12 It is necessary to analyse the evidence as to the timing of the alleged unlawful sexual acts in considerable detail. My summary of that evidence, with some comments, is as follows:
•
The complainant gave evidence that she first met the applicant when she was in year 8. The evidence established that she completed year 10 in or before 2022. When interviewed by police officers on 25 July 2021 the applicant accepted that he first met the complainant around 12 months previously, give or take a couple of months. Thus there was evidence that the complainant first met the applicant in 2020.
•
In her evidence-in-chief as to Occasion one, the complainant said that the events happened when it was "still during school holidays". When asked which holidays she said, "The big summer sort of one that's there so through Christmas and New Years." The complainant gave evidence to the effect that on Occasion one she was in the applicant's bed with him, and that he first inserted his fingers into her vagina and then exposed his penis and inserted it into her mouth.
•
Under cross-examination she gave evidence that she told the police in her second police statement that Occasion one occurred in January 2021.
•
In relation to Occasion two, the complainant gave evidence to the effect that she and the applicant went for a drive in his Ford Falcon utility; that he stopped somewhere along a particular road and put his fingers into her vagina; that they drove on; and that she twice gave him oral sex while he was driving. She was asked whether the journey in question was before or after the occasion that became known as Occasion one. She said that the journey was after that occasion.
•
As to Occasion three, the complainant gave evidence to the effect that she was again in the applicant's bed with him, that he inserted his fingers into her vagina, that he then inserted his penis into her mouth, and that he then inserted his penis into her vagina when she was telling him not to do that.
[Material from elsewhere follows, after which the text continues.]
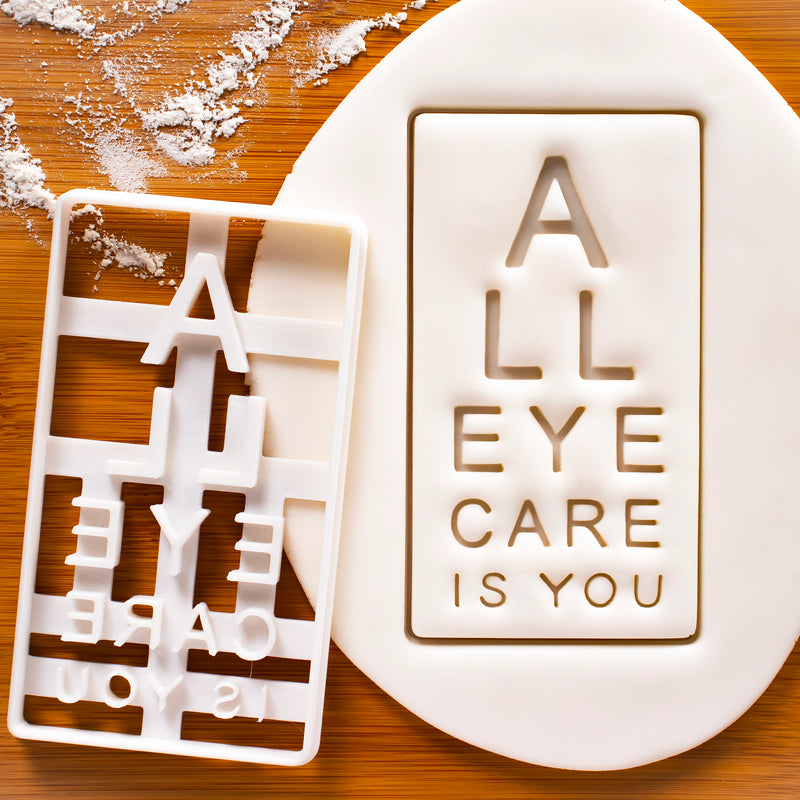 All Eye Care Is You cookie cutter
She said nothing at that stage as to the timing of Occasion three.
•
In relation to Occasion four, the complainant said that there was a third time when she was in the applicant's bed with him, and that it was after the second such occasion (Occasion three). At first she said she could not remember how much later Occasion four was after Occasion three. She proceeded to give evidence that the applicant inserted his fingers into her vagina and his penis into her mouth on Occasion four. The prosecutor then asked a second time about how long after the previous occasion this occasion was. The complainant replied, "Maybe it might have been a week. Around about that sort of time."
•
As to Occasion five, the complainant gave evidence to the effect that she was sitting with the applicant in his lounge room when he inserted his fingers into her vagina and then inserted his penis into her mouth. When asked about the timing of this incident, she said, "It was after the third bedroom incident".
•
As to Occasion six, the complainant gave evidence to the effect that the applicant inserted his penis into her mouth in a shed at his residence. She was not asked about timing when she gave that evidence.
•
As to Occasion seven, the complainant gave evidence to the effect that the applicant had sexual intercourse with her, inserting his penis into her vagina from behind, in a caravan at his residence. The complainant said that the applicant asked her to babysit for him on that occasion because he
4 No 10/2024
was going out, and that she thought it was to a football game. Football is not normally played
during the summer.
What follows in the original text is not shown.